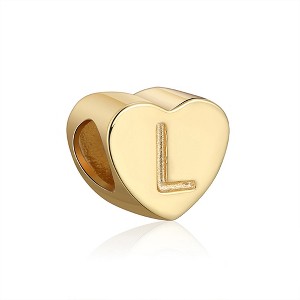 Initial Heart Charms Gold Over Sterling Silver Womens Ginger Lyne Collection - 1 of 4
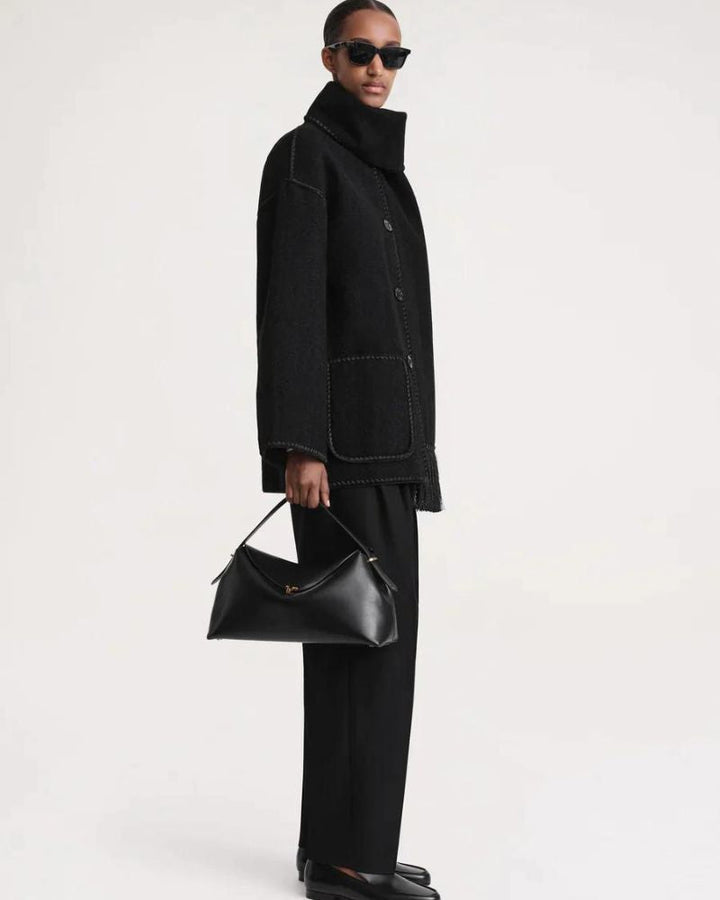 Contrast Trim Coat | Modern Statement Outerwear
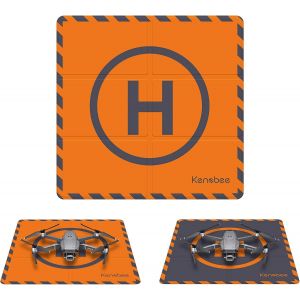 Drone Landing Pad 50cm, Tapis D'atterrissage Pliable Pour Dji Mini 4k/ Dji Mini 3/ Dji Neo/Dji Flip/Dji Mini 4 Pro/Dji Mini 3 Pro, Étanche Atterrissage Hélisurface Pad - Neuf
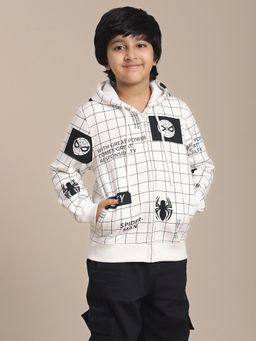 Kidsville - Spiderman Printed Regular Fit Hoodie for Boys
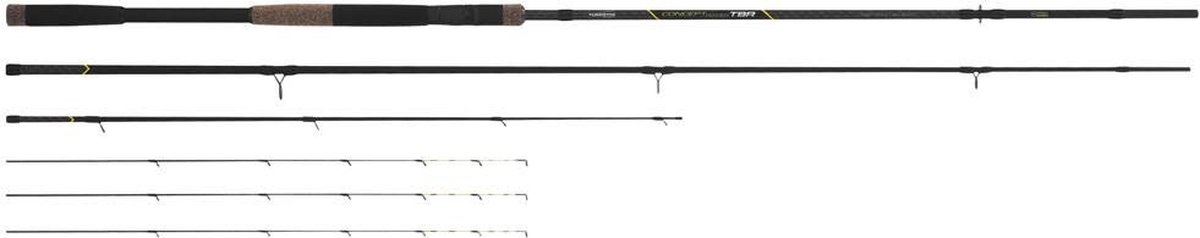 Tubertini Concept Feeder TBR Competition Feeder Rod (3 Tips) - Maat : 13ft - Medium Light Action - 30-80gr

━━━━━━

INSTRUCTIONS TO FOLLOW: Only the pictures are dropped. Otherwise, write out the listing exactly.

WORKED SOLUTION:
 Initial Heart Charms Gold Over Sterling Silver Womens Ginger Lyne Collection - 1 of 4
 Contrast Trim Coat | Modern Statement Outerwear
 Drone Landing Pad 50cm, Tapis D'atterrissage Pliable Pour Dji Mini 4k/ Dji Mini 3/ Dji Neo/Dji Flip/Dji Mini 4 Pro/Dji Mini 3 Pro, Étanche Atterrissage Hélisurface Pad - Neuf
 Kidsville - Spiderman Printed Regular Fit Hoodie for Boys
 Tubertini Concept Feeder TBR Competition Feeder Rod (3 Tips) - Maat : 13ft - Medium Light Action - 30-80gr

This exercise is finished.